Speech-i

The Speech-i transcription platform exposes REST APIs to upload media files and retrieve the resulting transcriptions.

All API calls require a Bearer Token in the Authentication header or an Api Key specified as URL parameter. The Bearer Token and Api Key can be retrieved providing access credentials to the /auth method.

Successful API calls responses return HTTP code 200 and JSON formatted output.
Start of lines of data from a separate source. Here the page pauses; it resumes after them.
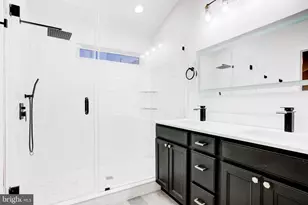 5168 Ballycastle Cir, Alexandria, VA 22315 - Photo 21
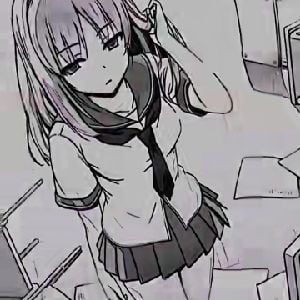 kikyo kushida (mi code S8RCYW)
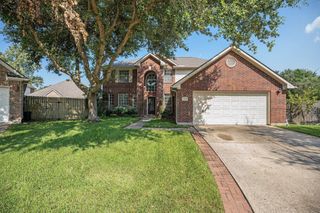 1311 Shady Grove Court, Seabrook, TX 77586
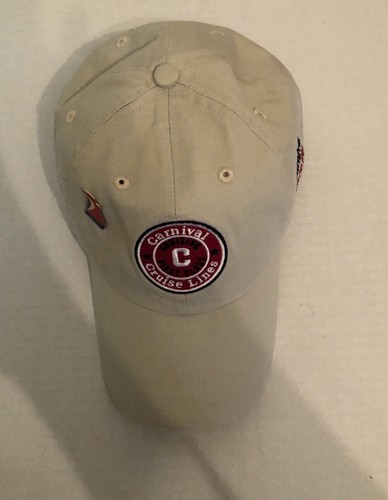 Cappello base spilla - base,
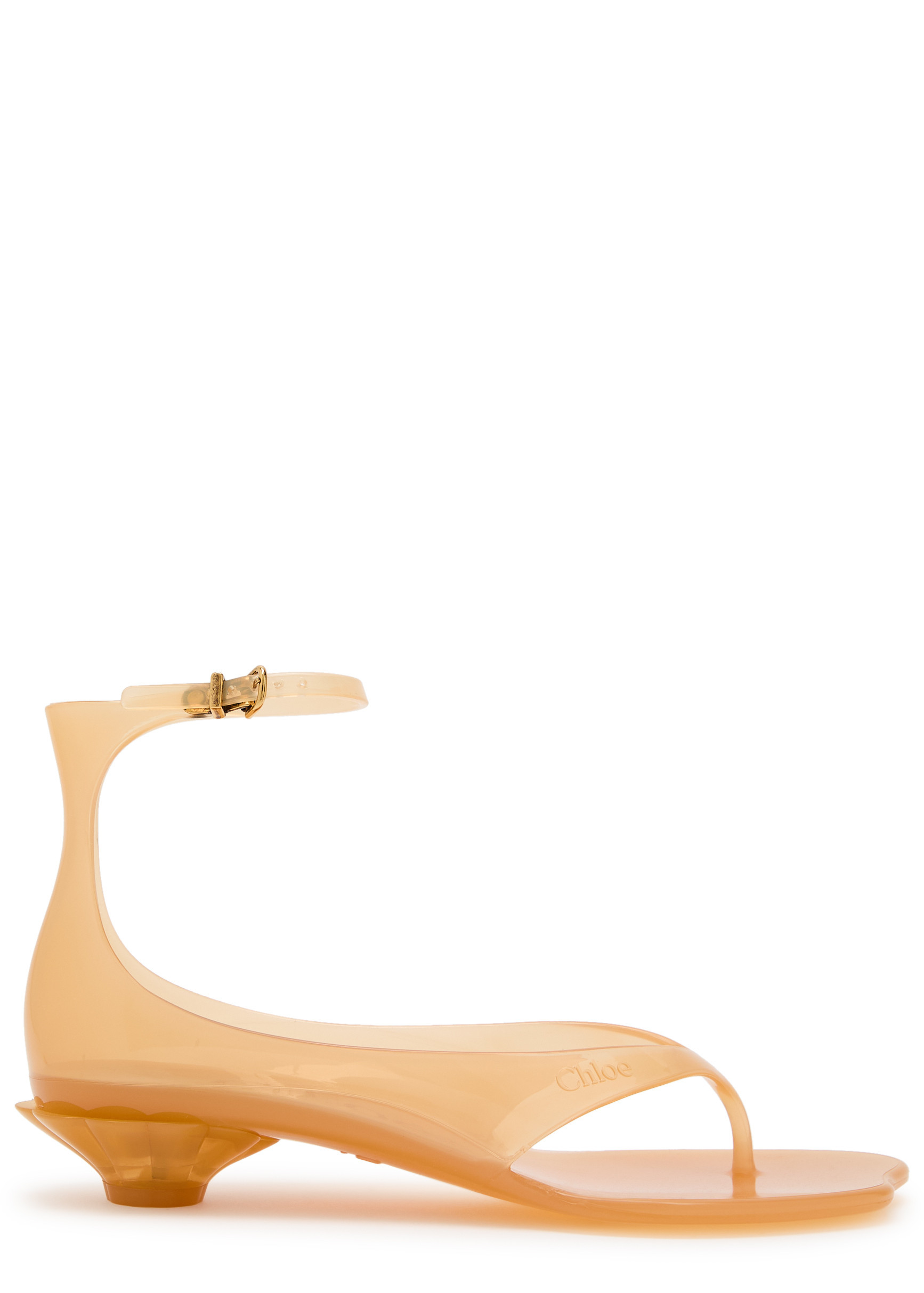Jelly 25 thong sandals | Harvey Nichols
HTTP status codes section specifies the responses for unsuccessful calls.

Base URL for API calls is https://developer.speech-i.com/asr/api/v1

METHOD	RESOURCE	DESCRIPTION
POST	/auth	Generates an authentication bearer token
POST	/transcribe	Upload a file, start sync transcription process and receive the transcription
POST	/transcriptions	Upload a file/url and start async transcription process
GET	/transcriptions/{transcription_id}/status	Returns the status of a particular async transcription
GET	/transcriptions/{transcription_id}/results	Returns the results of a particular async transcription
POST	/properties	Sets the default transcription properties for the user
GET	/properties	Returns the transcription properties, quotas and limits for the user
POST	/reports	Upload a single or massive report
POST	/reports/media	Upload one or more attachments to a single report
GET	/reports/{report_id}	Returns a single report
GET	/reports	Returns all the reports sent by the user

The method generates an authentication bearer token and an api key providing username and password. The token expires after a predetermined time interval. After expiration, a new token request is needed.

METHOD	RESOURCE
POST	/auth

HEADER	VALUE
Content-Type	application/x-www-form-urlencoded

PARAMETER	TYPE	DESCRIPTION
username	String	Mandatory parameter provided by Speech-i
password	String	Mandatory parameter provided by Speech-i

Successful example response:

{"Authorization": "Bearer xxx.yyy.zzz", "api_key": "9LbfF21YvVyondsH6rMPqA"}

Upload a file, start sync transcription process and receive the transcription.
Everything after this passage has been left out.